Und weiter König Zaimoglu:
Die Rechten verstehen sich als unbewaffnete Bürgerwehr. Sie möchten die Plätze säubern von unverträglichen Elementen in ihrer Idylle. Sie schützen ihren Besitz. Sie ertragen es nicht, dass die Niederen durch ihr Viertel streifen. Die Zähne werden ihnen vom Fluchen stumpf – sie fluchen: Man muss sie herausschaffen, man muss sie aus unserer Welt schaffen, die Herumtreiber, das arbeitsscheue Pack, das Gesindel. Jeder ist vom Glück begünstigt, jeder verdient den Wohlstand, den er hat. Wer nichts leistet, gehört ausgejätet, er gehört ausgemerzt!
Wie oft hat man einen Obdachlosen zu Tode getreten und verbrannt? Wie lange sollen die Armen, die noch leben dürfen, die Demütigung erdulden und Demut zeigen?
Was für ein Eröffnungsrede zu den „Tagen des deutschsprachigen Literatur“! Wurde hier Ronald McDonald auf eine Kindergartengruppe losgelassen, oder sollte es sich hier wirklich um „Kultur“ handeln?
Gegen Ende wird es nochmal apodiktisch bei Zaimoglu:
Der Rechte ist kein Systemkritiker, kein Abweichler und kein Dissident, er ist vor allem kein besorgter Bürger.
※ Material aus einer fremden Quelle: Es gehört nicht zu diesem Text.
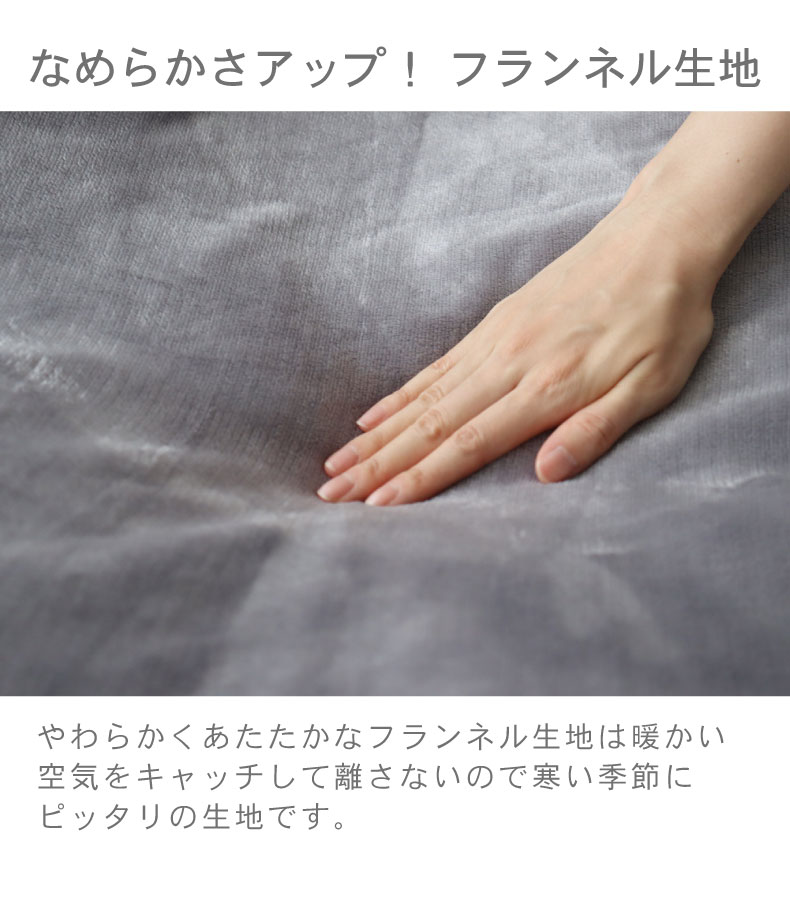 掛け布団カバー マナヒートの機能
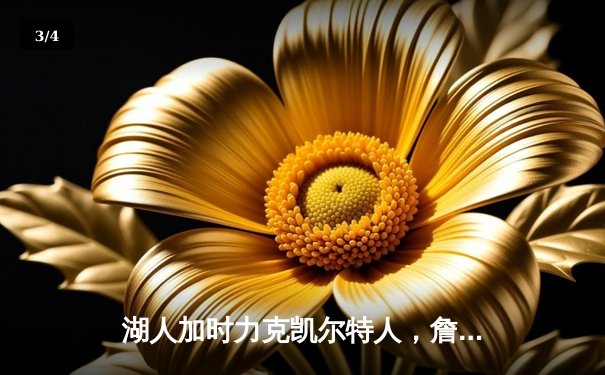 湖人加时力克凯尔特人，詹姆斯双塔合砍70分演绎经典对决 - 3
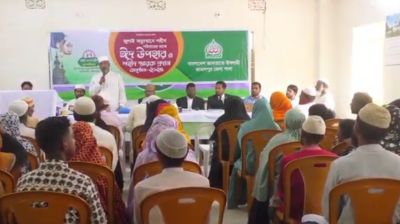 জামালপুরে গণঅভ্যুত্থানে শহীদ পরিবারের মাঝে জামায়াতের ঈদ উপহার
Wer die Eigenen gegen die Anderen ausspielt und hetzt, ist rechts. Punkt. Wer für das Recht der Armen streitet, ist ein Menschenfreund. Punkt. Es gibt keinen redlichen rechten Intellektuellen. Es gibt keinen redlichen rechten Schriftsteller.
Mit wem reden? Die Patrioten können nur skandieren, als wären sie auf einer Kundgebung. In Deutschland, in Österreich, in der Schweiz haben sie sich in die Parlamente geblökt. Manch ein Schreiber oder Kulturredakteur, manch ein Bürgersohn mit einem reichen oder prominenten Vater, manch ein Philosoph und Jubeljahrbiograph sieht sich schon im Krieg als Frontberichterstatter.
Wer skandiert hier „wie auf einer Kundgebung?
Fritz
Ist schon faszinierend, wie genau die Linken über das Seelenleben ihrer Gegner bescheid wissen.
Ist natürlich alles nur Spekulation, über Motive anderer zu sprechen, die diese letzten Endes nur selber kennen; aber auf die Art muss man sich nicht mit Argumenten auseinandersetzen und gelangt schneller zur Verurteilung.
Was die französischen Fußballer betrifft, so haben nach meiner Erinnerung die schwarzen Spieler zumindest alle laut die Nationalhymne gesungen.